__Work request__. Copy, word for word, the opening line of the data and each line after it until the line that contains "Vintage Poster Blümchen Grazie on green wall", which is included. Leave the pictures out.

====

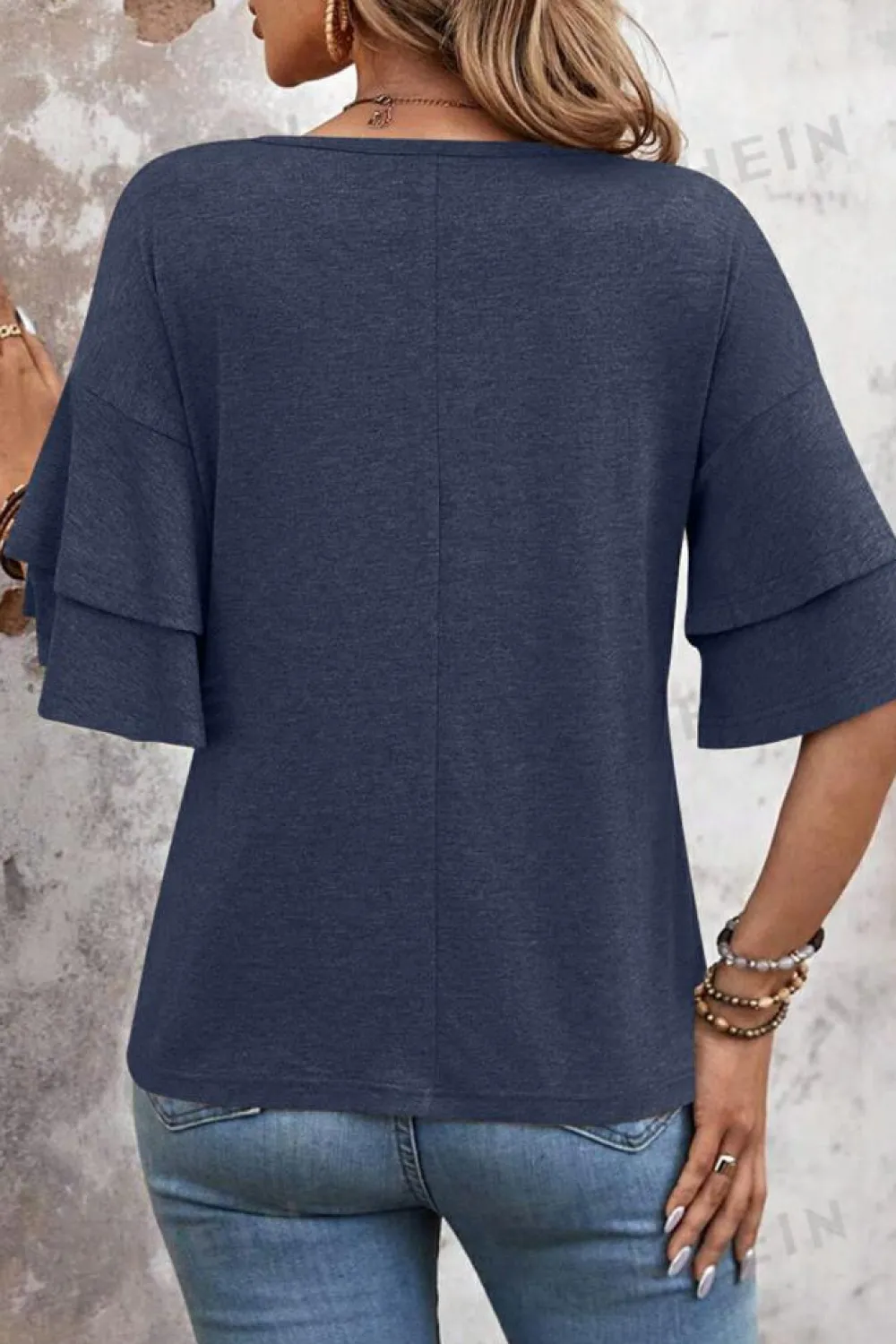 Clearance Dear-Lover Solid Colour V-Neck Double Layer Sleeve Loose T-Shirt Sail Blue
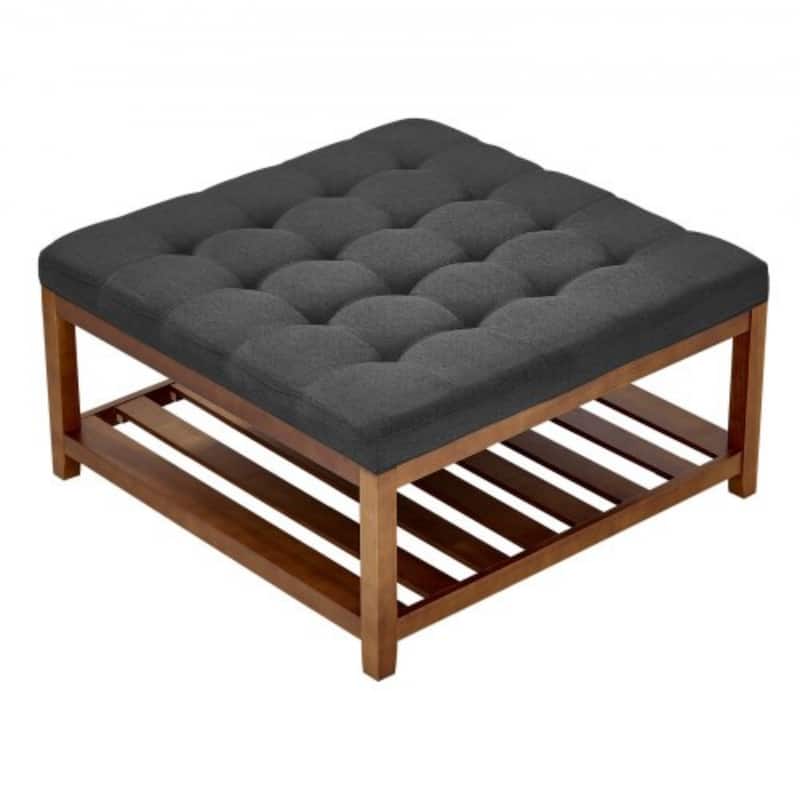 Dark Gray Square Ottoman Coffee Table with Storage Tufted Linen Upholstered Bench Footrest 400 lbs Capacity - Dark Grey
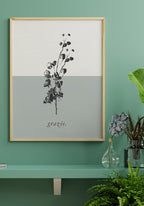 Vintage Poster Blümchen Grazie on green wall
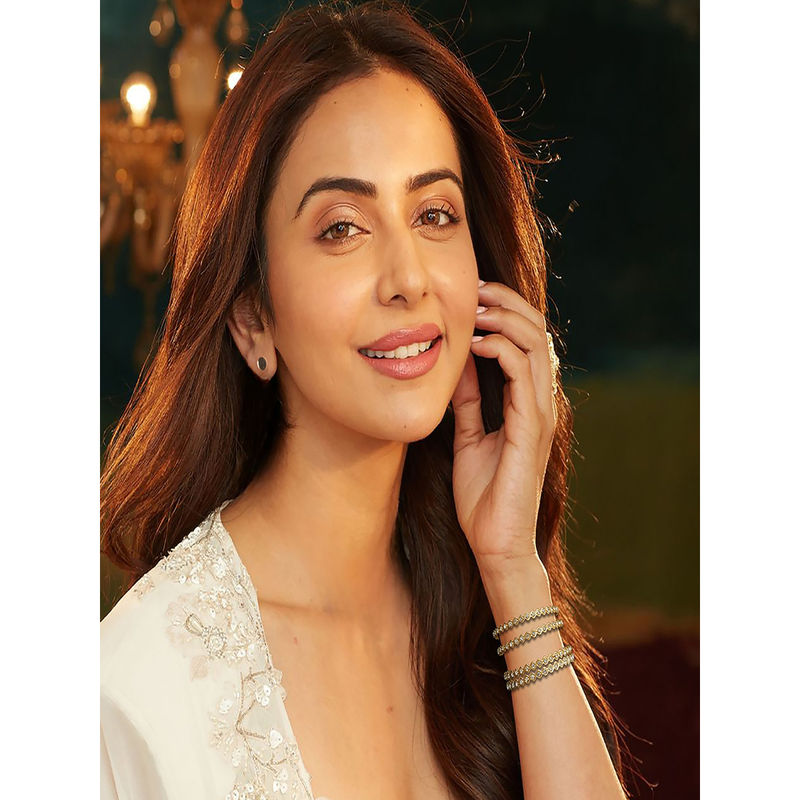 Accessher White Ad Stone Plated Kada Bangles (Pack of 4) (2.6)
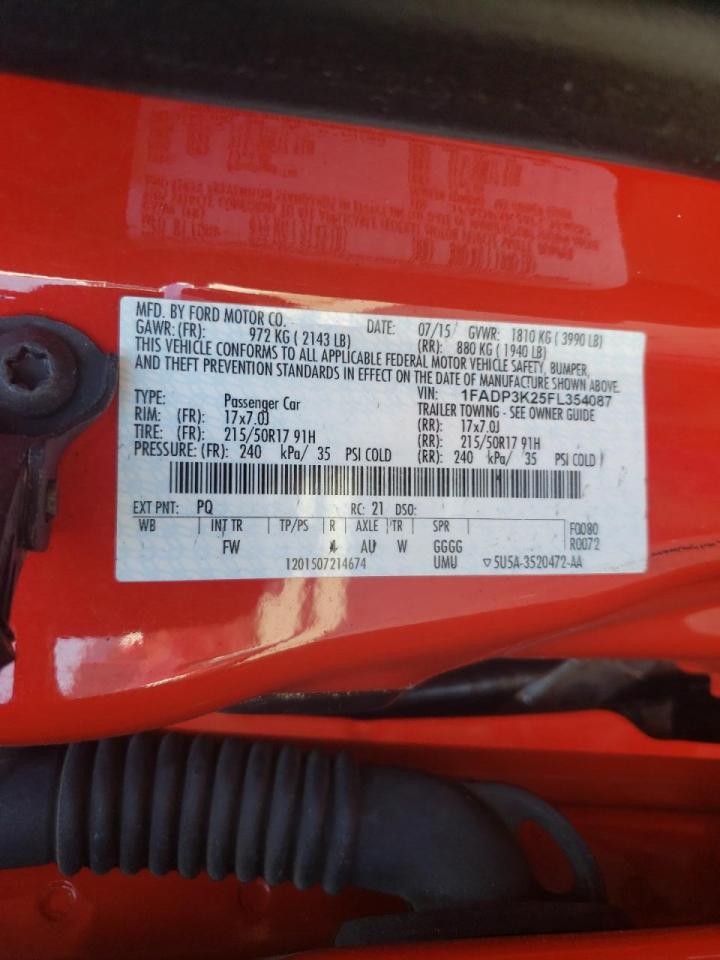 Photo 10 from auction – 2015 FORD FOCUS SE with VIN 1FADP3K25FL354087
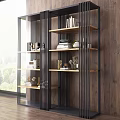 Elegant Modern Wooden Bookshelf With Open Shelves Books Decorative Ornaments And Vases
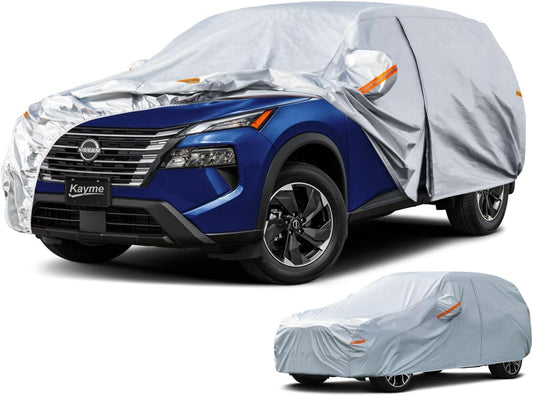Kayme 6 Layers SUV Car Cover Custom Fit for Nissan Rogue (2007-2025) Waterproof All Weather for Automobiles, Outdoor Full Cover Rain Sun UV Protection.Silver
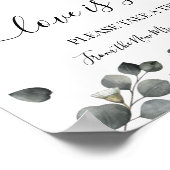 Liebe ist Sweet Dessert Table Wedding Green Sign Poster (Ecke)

====

__Answer for the task__.
 Clearance Dear-Lover Solid Colour V-Neck Double Layer Sleeve Loose T-Shirt Sail Blue
 Dark Gray Square Ottoman Coffee Table with Storage Tufted Linen Upholstered Bench Footrest 400 lbs Capacity - Dark Grey
 Vintage Poster Blümchen Grazie on green wall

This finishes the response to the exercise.